The Body Corporate claimed that it was entitled to be paid $12.95m under the policy, in addition to the $6.8m received from EQC (i.e. a combined payment of $19.75m). Zurich said that the Body Corporate’s cover was capped at $12.95m in total, $6.8m from EQC and $6.1m from Zurich.
The dispute turned on clause MD15 of the Brokernet policy wording, which read:
In the event of the Insured having insured residential property for which compulsory Natural Disaster Damage cover under the Earthquake Commission Act 1993 applies then in the event of such property suffering Natural Disaster Damage during the Period of Cover and covered by Natural Disaster Damage cover, then the Insurers liability will be limited to the amount of loss in excess of the Natural Disaster Damage cover. (our emphasis)
It was common ground that MD15 reversed the statutory presumption in s 30(1) of the Earthquake Commission Act that a private insurance policy responds first to natural disaster damage. The question was whether the insurer’s liability under MD15 was limited to the insured loss in excess of the statutory cover (i.e. the sum insured of $12.95m less $6.8m) or the actual loss in excess of the statutory cover (i.e. the reinstatement costs of $25m less $6.8m), subject to the cap of $12.95m.
The factual background to the claim was provided by way of affidavit. The Body Corporate’s broker, ACM, had sought quotes from various insurers based on a replacement cost estimate of $12.95m and the Brokernet policy wording. Zurich provided rates, which ACM used to calculate the premium. The premium calculation assumed that Zurich would cover the difference between the statutory cover and the sum insured (i.e. $6.1m).
The High Court found that ACM knew from its market experience that the premium was calculated on a net liability basis and in fact had calculated the premium on that basis. The Body Corporate had engaged ACM for its expertise in the insurance market and ACM’s knowledge as an “agent to know” was accordingly imputed to the Body Corporate. As the Court of Appeal noted at paragraph  of the judgment, it follows that the parties to the policy agreed that Zurich would provide cover of $6.1m.

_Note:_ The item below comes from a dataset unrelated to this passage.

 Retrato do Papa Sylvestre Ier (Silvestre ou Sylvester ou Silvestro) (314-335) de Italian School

As stated by Tipping J in Vector Gas Ltd v Bay of Plenty Energy Ltd  2 NZLR 444 at , the ultimate objective in a contract interpretation dispute is to establish the meaning the parties intended their words to bear. Evidence is assessed on an objective basis, taking into account the commercial or other context in which the contract was made and all facts and circumstances known to and likely to be operating on the parties’ minds.
The High Court held that the plain words of MD15 meant that Zurich’s liability was measured against the actual loss, not the insured loss. Having correctly stated the test in Vector, the Full Court then misapplied it, by focusing on the objective commercial sense of an agreement to provide cover for $12.95m in return for a premium based on $6.1m, rather than the actual intention of the parties (objectively assessed). The Court of Appeal overturned the High Court’s judgment: it was apparent from the factual background that both parties intended cover would be limited to the difference between statutory earthquake cover and the sum insured.

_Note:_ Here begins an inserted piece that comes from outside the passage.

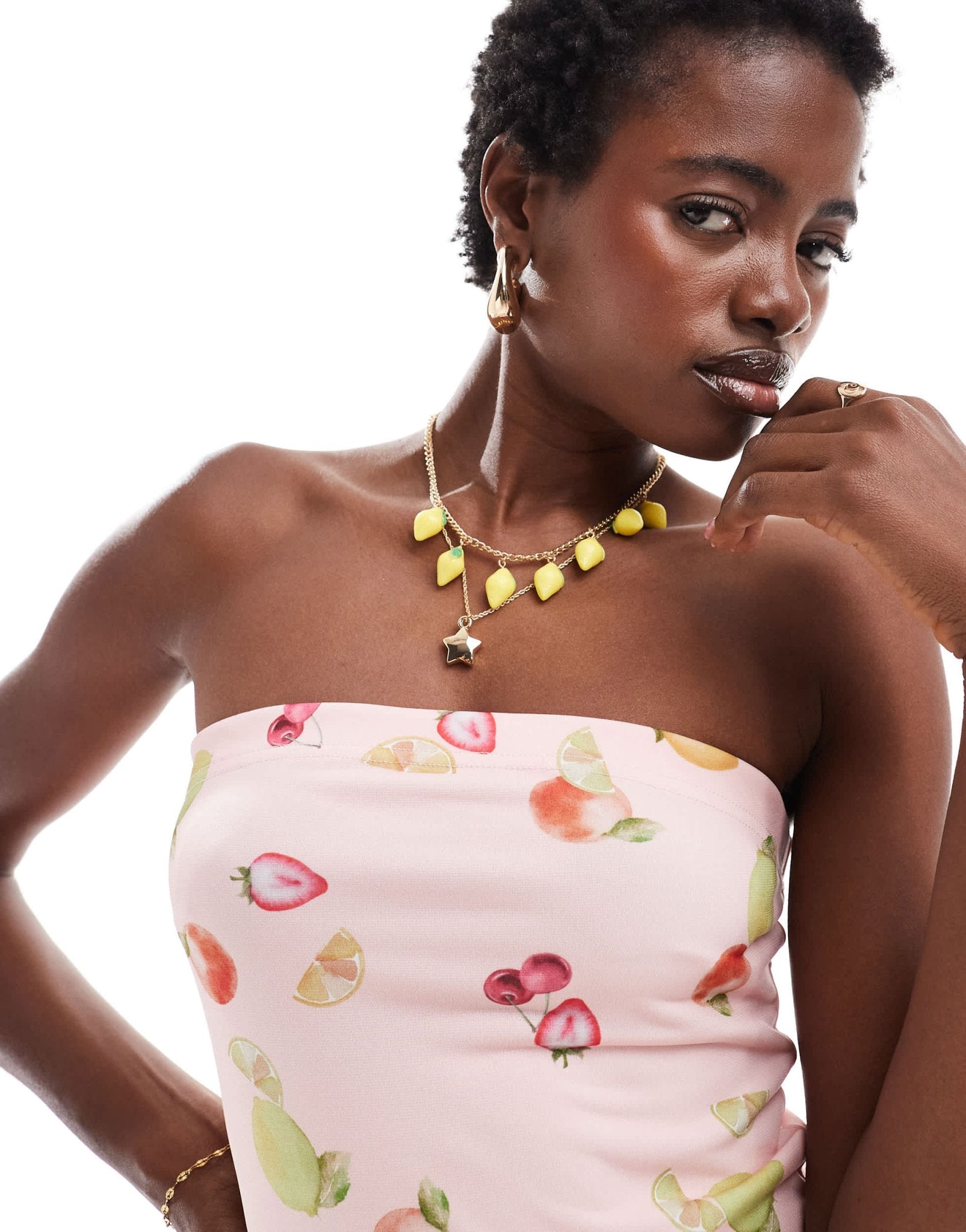 Daisy Street strapless mini bodycon in baby fruit print - ASOS Sample Sale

The Court of Appeal disagreed with the High Court’s view of the plain words of MD15. It is not clear whether the Court took the view that “loss” meant “insured loss” rather than “actual loss”, or whether it simply viewed the clause as ambiguous. The lack of clarity in the judgment on that point may limit its usefulness as a precedent.

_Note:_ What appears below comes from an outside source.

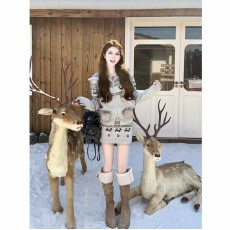 批发设计感慵懒风连帽长袖针织外套冬季显瘦半身裙两件套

The Court of Appeal noted that the plainer the words of a contract, the less likely it is that the parties intended them to mean something else and that if, read objectively, the language will not bear the meaning for which a plaintiff contends, a remedy may be sought in rectification (judgment at ). The majority in Vector made it clear, however, that an unambiguous clause does not preclude a review of the factual context and a displacement of the plain meeting. Rectification is accordingly not necessary to correct drafting or linguistic errors (see Tipping J at ), although it remains an alternative to an interpretation argument. The Court of Appeal’s view that the meaning of MD15 was not plain and unambiguous should not be interpreted as a precondition to its conclusion on the meaning of the policy in its commercial context.